What should I leave in Taiwan?

When I leave Taiwan, what hould I ather not take home with me?

aak,

your ugly avatar. that thing gives me the creeps.

oh, and evidently your keyboard

jm

Come on, seriously what should I leave?

Erm… your elephant rectum stimulator and your automatic snowshoes?
Hell should I know? What do you have?

Your virginity, definitely leave that behind.

HG

OK, let me rephrase it. What should one rather not take home from Taiwan?

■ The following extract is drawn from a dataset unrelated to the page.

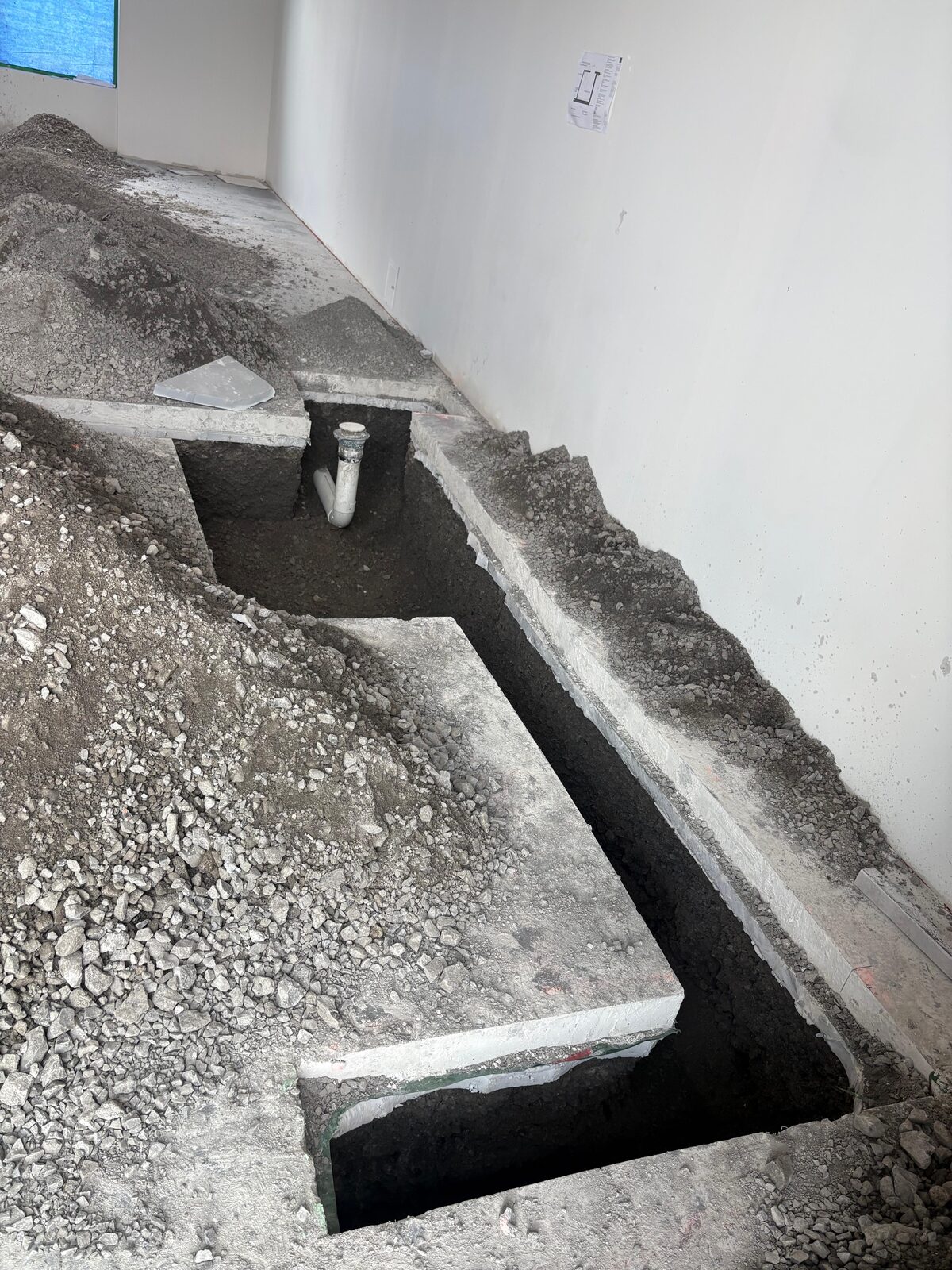 Drain line trenching in a commercial unit before slab pour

Actually, I’ll take your elephant rectum stimulator. Nurse Ratchett’s been looking a bit peaky recently.

Aye, it’s true!

HG

You need to list what you have, what you want to keep and why. It’s kind of hard to tell you what you should leave. Normally, the advice is anything large or heavy, unless really valuable and you’re willing/able to pay for shipping. If you look at the Forumosafieds, they are full of expat moving home sales.

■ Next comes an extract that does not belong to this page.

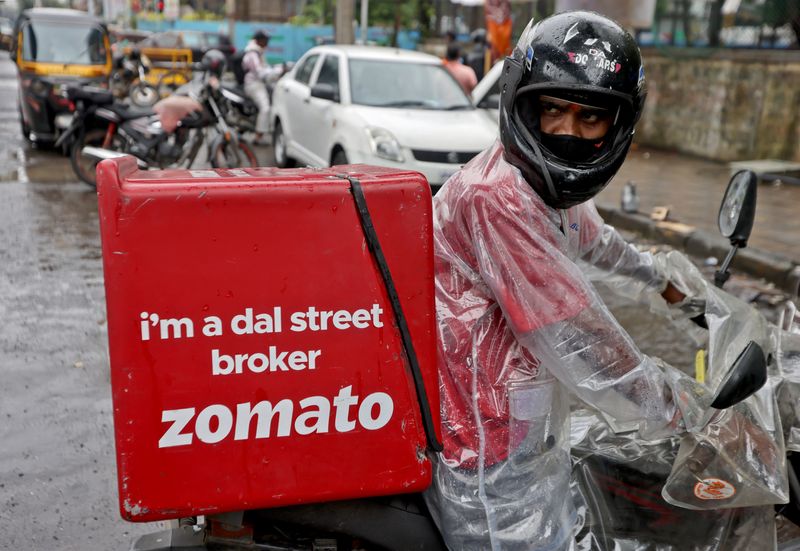 FILE PHOTO: A delivery worker of Zomato leaves to pick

if you’ve got one, you could leave a bottle of jameson’s 12 year old which i would be happy to come collect.

(this has to bear fruit sooner or later).

Your bank card and pin number.
Your extra large condoms, for the shoveller.
Any dvd’s and books we’d like watching. Do you have ‘wedding crashers?’
Your girlfriend.

But take your toenails or sandman will be round to eat them. (Orkney fudge lover.)

Your boss

Because life is more important than money. That is the ONLY reason any foreigner ever stays in Taiwan long. Unless they fuck up and get a wife, that is.

But what do I know, I’m just white trash. I don’t have that many choices.

leave your girlfriends here… you will get plenty of them @ home.

[quote=“mod lang”]Because life is more important than money. That is the ONLY reason any foreigner ever stays in Taiwan long. Unless they fuck up and get a wife, that is.

But what do I know, I’m just white trash. I don’t have that many choices.[/quote]

Thats WHAT should I leave, not WHY should I leave… tard.

Don’t be a prick – you’re going to make people think I’m a mank. You know perfectly well I don’t eat people’s toenails. I just suck and chew on them till there’s no taste left. Of course I don’t swallow. That would be disgusting!

I’ve grown attached to my Ten-$-Store stuff. I could easily fill a huge bag with my best plastic 700cc cups. What should I do?